Da una conversazione registrata tra la maman ed i familiari della vittima – che l’avevano contattata perché non avevano avuto più notizie della figlia minorenne – emergeva come il rapporto contrattuale non fosse esclusivamente tra carnefice e vittima, ma coinvolgesse anche i familiari, considerati alla stregua di obbligati in solido all’adempimento del debito di ingaggio contratto dalla minore. Ciò emergeva dalle parole di “Briget”, la quale, dialogando con i familiari di Rosalia in Nigeria, esclamava freddamente “…quando uno si affida a qualcun altro per fare viaggiare i propri figli è giusto che questi venga pagato…”.
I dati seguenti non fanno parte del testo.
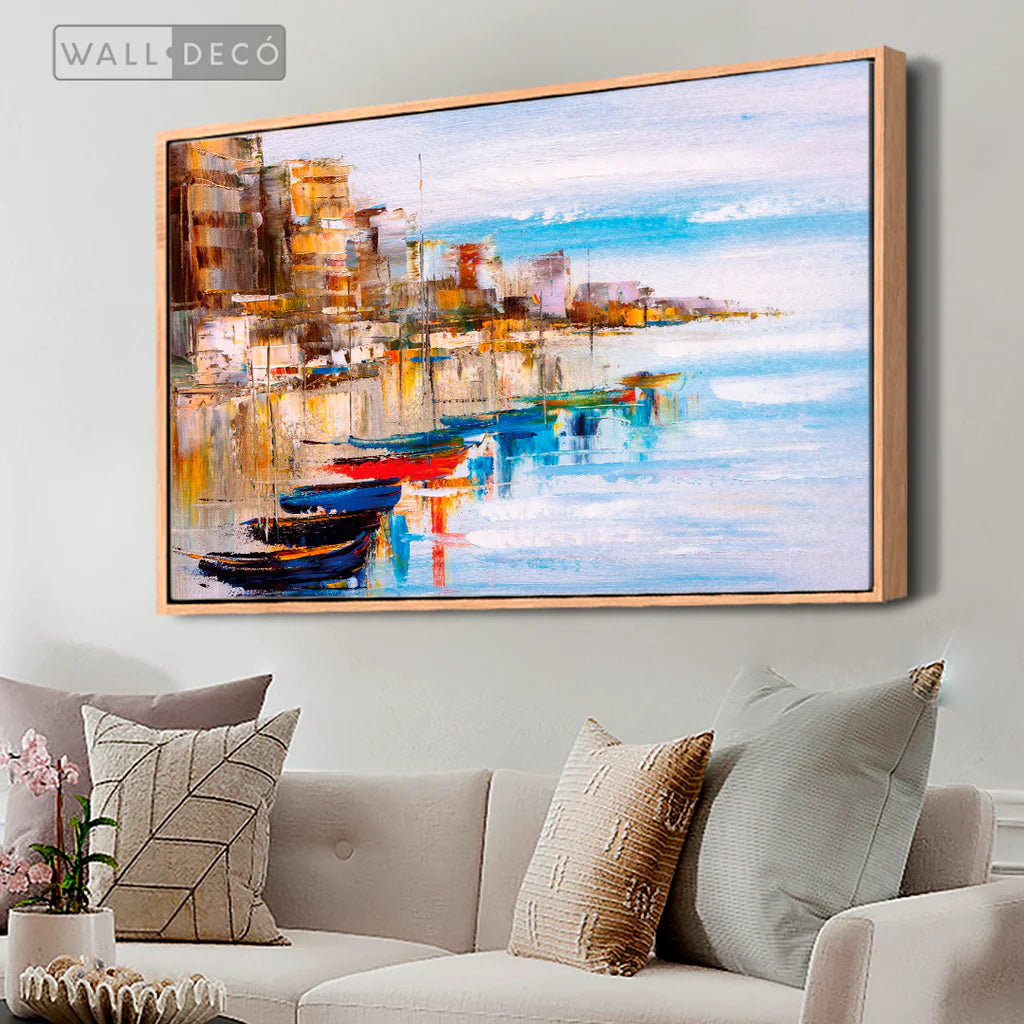 Arte Decorativo · Visión Moderna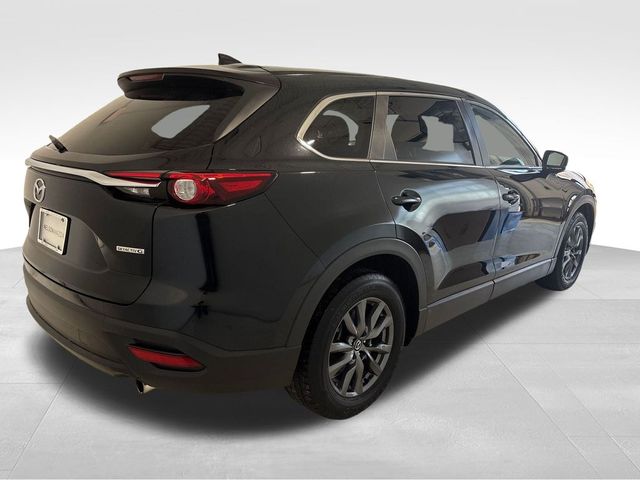 2022 Mazda CX-9 Sport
I servizi di intercettazione permettevano, inoltre, di appurare che gli indagati in concorso tra loro, con più azioni esecutive del disegno criminoso, promuovevano, organizzavano, finanziavano ed effettuavano il trasporto illegale di “Rosalia”, avvalendosi di servizi offerti dai correi in Nigeria ed in Libia, dove utilizzavano “connection houses” per la permanenza della minore prima dell’imbarco alla volta dell’Italia su natanti di fortuna, occupati da numerosi migranti privi di ogni necessaria dotazione di sicurezza, ad alto rischio di naufragio, reclutando le giovani per destinarle alla prostituzione o, comunque, allo sfruttamento sessuale al fine di trarne profitto.